This upcoming Sunday is Palm Sunday, and one of the lectionary texts will be Mark 11:1-11. This story is often referred to as “the triumphal entry.”

When they were approaching Jerusalem, at Bethphage and Bethany, near the Mount of Olives, he sent two of his disciples and said to them, “Go into the village ahead of you, and immediately as you enter it, you will find tied there a colt that has never been ridden; untie it and bring it. If anyone says to you, ‘Why are you doing this?’ just say this, ‘The Lord needs it and will send it back here immediately.’” They went away and found a colt tied near a door, outside in the street. As they were untying it, some of the bystanders said to them, “What are you doing, untying the colt?” They told them what Jesus had said; and they allowed them to take it. Then they brought the colt to Jesus and threw their cloaks on it; and he sat on it. Many people spread their cloaks on the road, and others spread leafy branches that they had cut in the fields. Then those who went ahead and those who followed were shouting,

“Hosanna!
Blessed is the one who comes in the name of the Lord!
Blessed is the coming kingdom of our ancestor David!
Hosanna in the highest heaven!”

Then he entered Jerusalem and went into the temple; and when he had looked around at everything, as it was already late, he went out to Bethany with the twelve.

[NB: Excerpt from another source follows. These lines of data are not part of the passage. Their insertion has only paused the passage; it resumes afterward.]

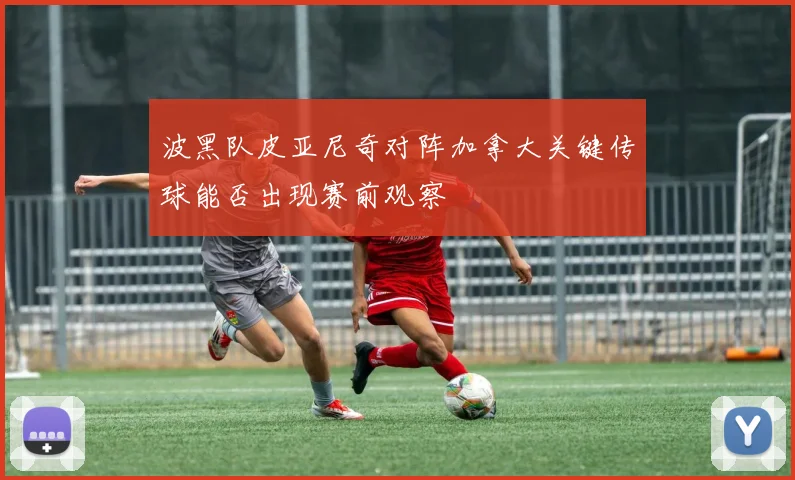 波黑队皮亚尼奇对阵加拿大关键传球能否出现赛前观察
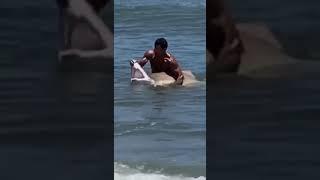 RAW VIDEO:  Swimmer captures shark off Delaware coast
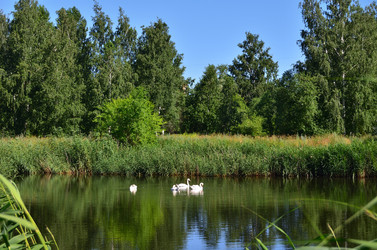 Similar image 22331684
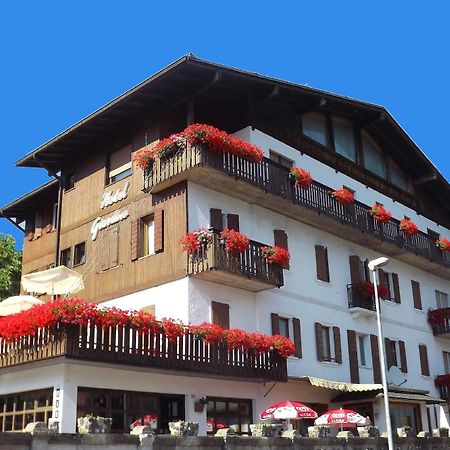 Hotel Giardino Pieve di Cadore Ngoại thất bức ảnh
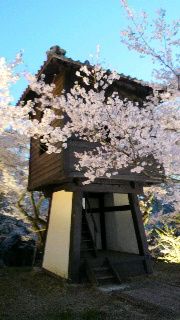 2012042605500000.jpg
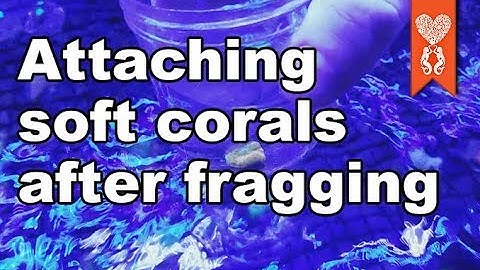 How do you attach or glue soft coral frags like mushrooms and leathers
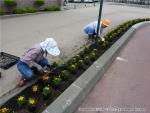 H22.06.05　駅前花壇写真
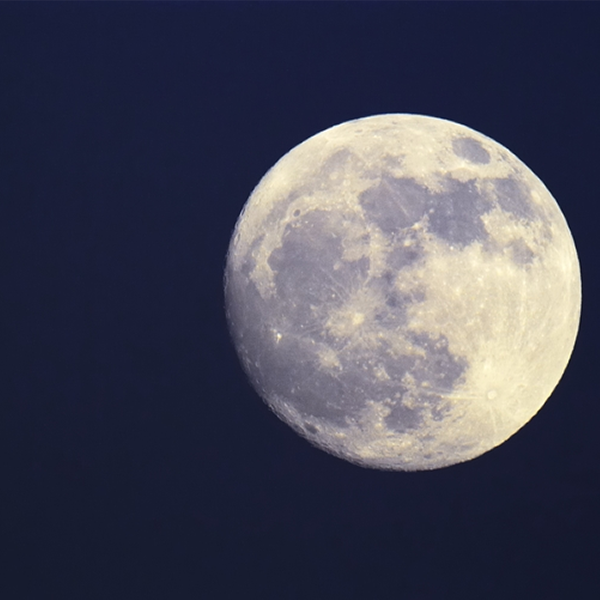Full moon logo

I love Mark’s ending to the parade, which is a bit anticlimactic. In Matthew and Luke, Jesus charges straight into the temple and starts flipping tables over, but in Mark, Jesus is late, and the crowds have already gone home. He comes back the next day to “cleanse” the temple. Mark’s version reveals two things: First, Jesus wasn’t always on time. Second the whole event is staged.

We also have this interesting dialogue about procuring the colt. Had Jesus already made arrangements behind the scenes? Or did he simply have divine foreknowledge about the colt? I suspect Jesus has engineered this confrontation.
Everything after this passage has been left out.